Locate the line that contains "Umrandeter Teppich aus". Retype it and every line after it to the end of the records, exactly, but not the pictures.
[SUPPLIED DATA Boundary: Start]
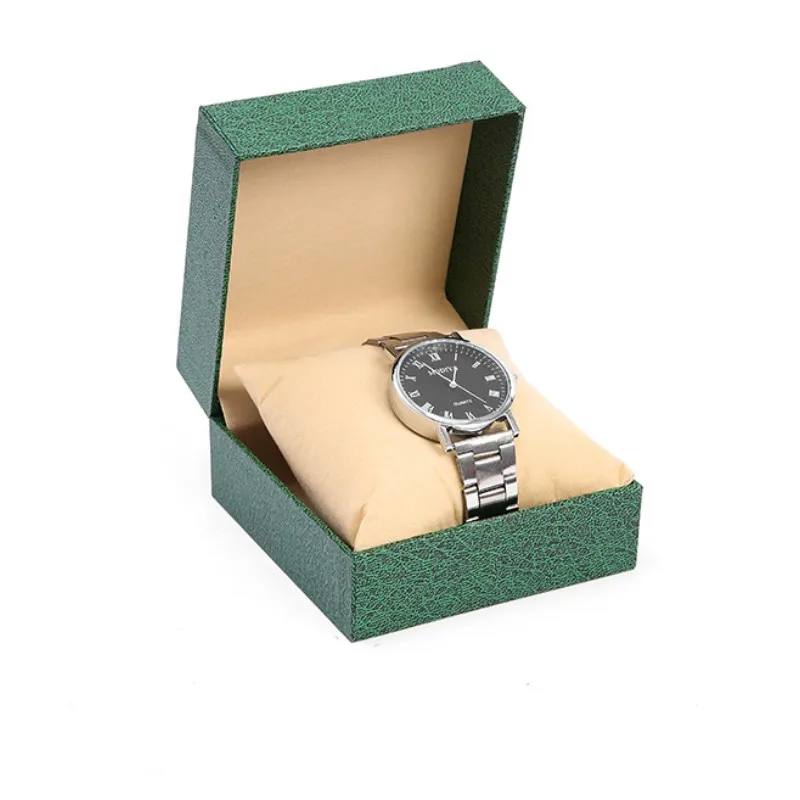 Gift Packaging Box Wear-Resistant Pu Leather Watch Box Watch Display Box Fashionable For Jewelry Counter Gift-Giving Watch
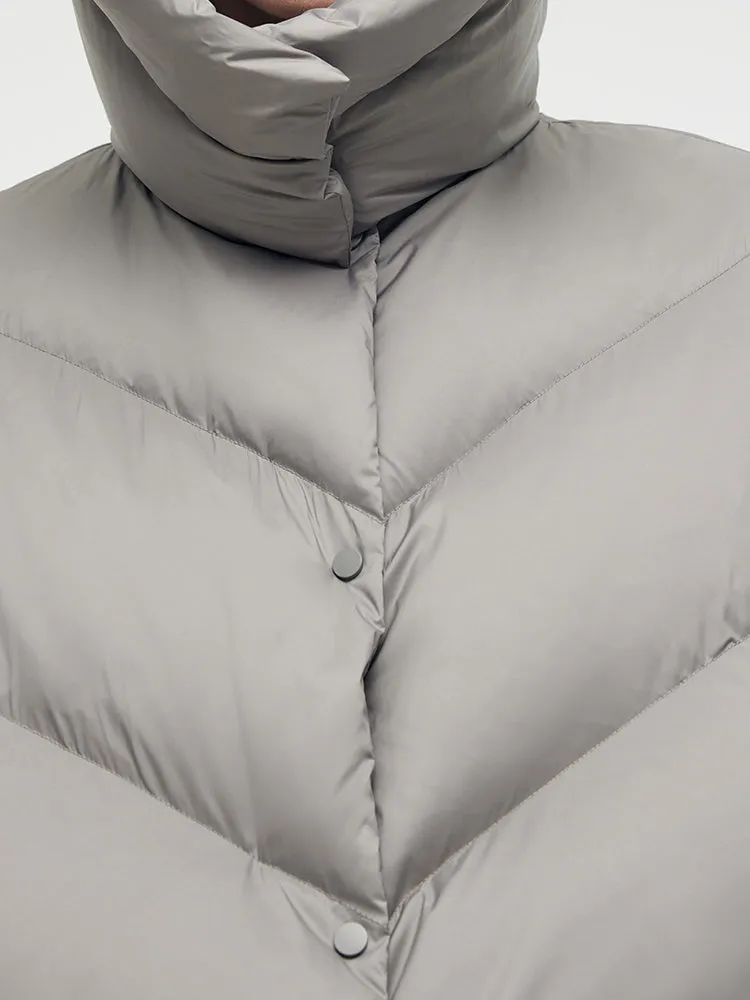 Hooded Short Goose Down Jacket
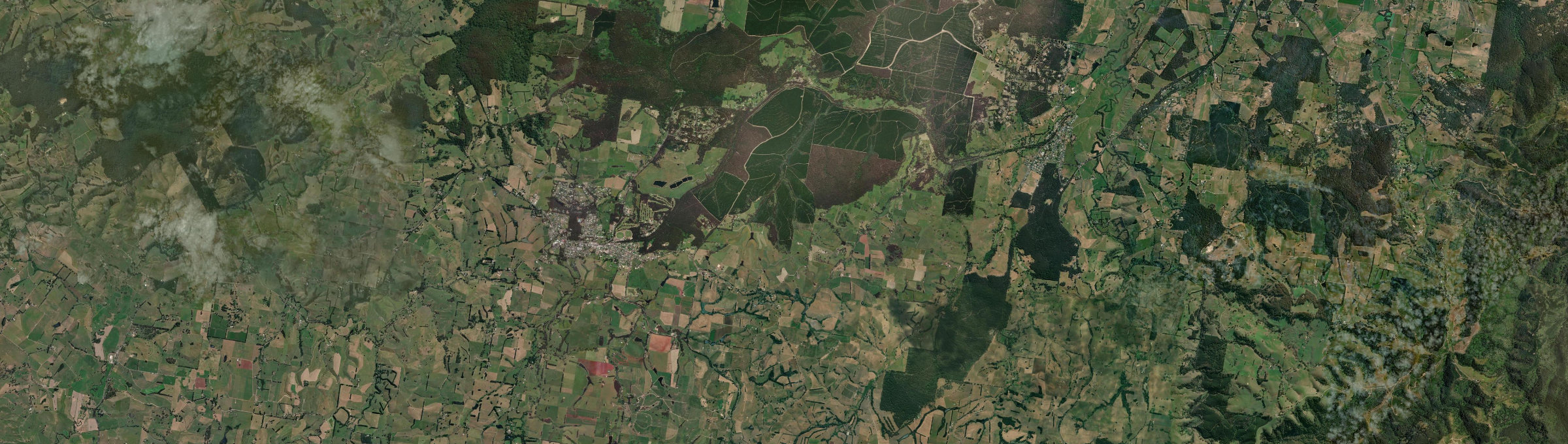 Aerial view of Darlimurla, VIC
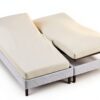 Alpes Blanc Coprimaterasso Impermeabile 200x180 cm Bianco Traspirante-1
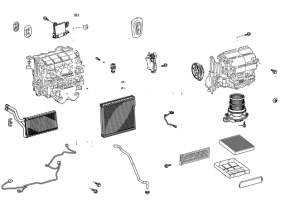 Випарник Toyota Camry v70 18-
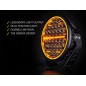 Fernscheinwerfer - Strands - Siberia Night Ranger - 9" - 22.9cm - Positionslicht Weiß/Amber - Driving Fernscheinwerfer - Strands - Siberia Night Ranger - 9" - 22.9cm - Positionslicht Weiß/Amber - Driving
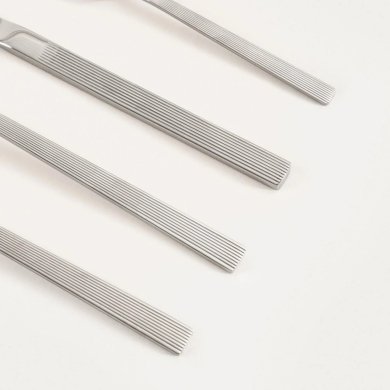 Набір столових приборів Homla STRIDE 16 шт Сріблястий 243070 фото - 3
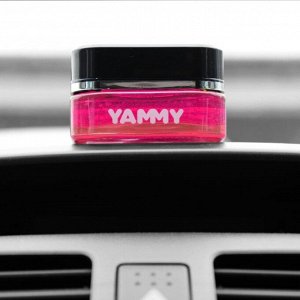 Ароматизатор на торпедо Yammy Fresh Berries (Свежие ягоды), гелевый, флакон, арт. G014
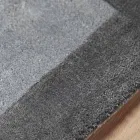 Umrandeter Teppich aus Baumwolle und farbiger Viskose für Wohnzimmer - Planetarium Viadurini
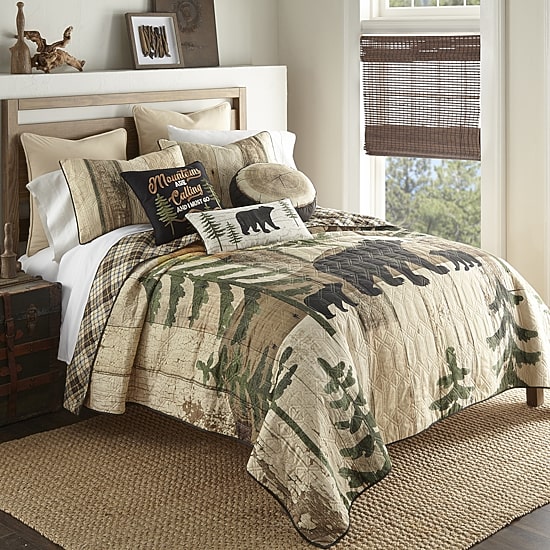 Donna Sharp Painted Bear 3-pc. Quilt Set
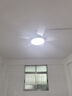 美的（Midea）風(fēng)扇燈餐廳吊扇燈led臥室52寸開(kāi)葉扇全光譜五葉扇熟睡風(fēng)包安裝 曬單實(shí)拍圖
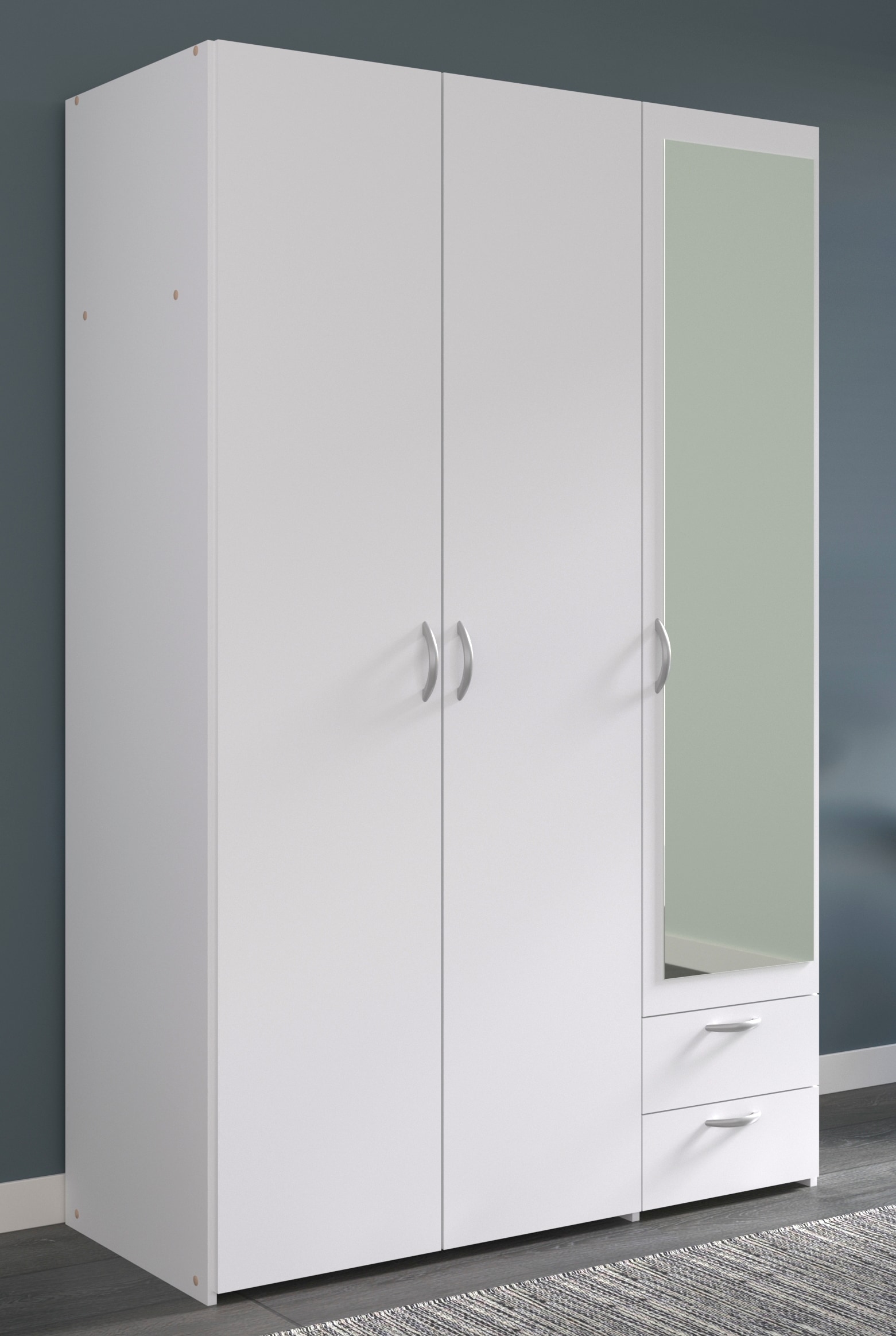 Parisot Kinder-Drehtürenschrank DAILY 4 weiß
[SUPPLIED DATA Boundary: End]
WRITTEN RESPONSE
 Umrandeter Teppich aus Baumwolle und farbiger Viskose für Wohnzimmer - Planetarium Viadurini
 Donna Sharp Painted Bear 3-pc. Quilt Set
 美的（Midea）風(fēng)扇燈餐廳吊扇燈led臥室52寸開(kāi)葉扇全光譜五葉扇熟睡風(fēng)包安裝 曬單實(shí)拍圖
 Parisot Kinder-Drehtürenschrank DAILY 4 weiß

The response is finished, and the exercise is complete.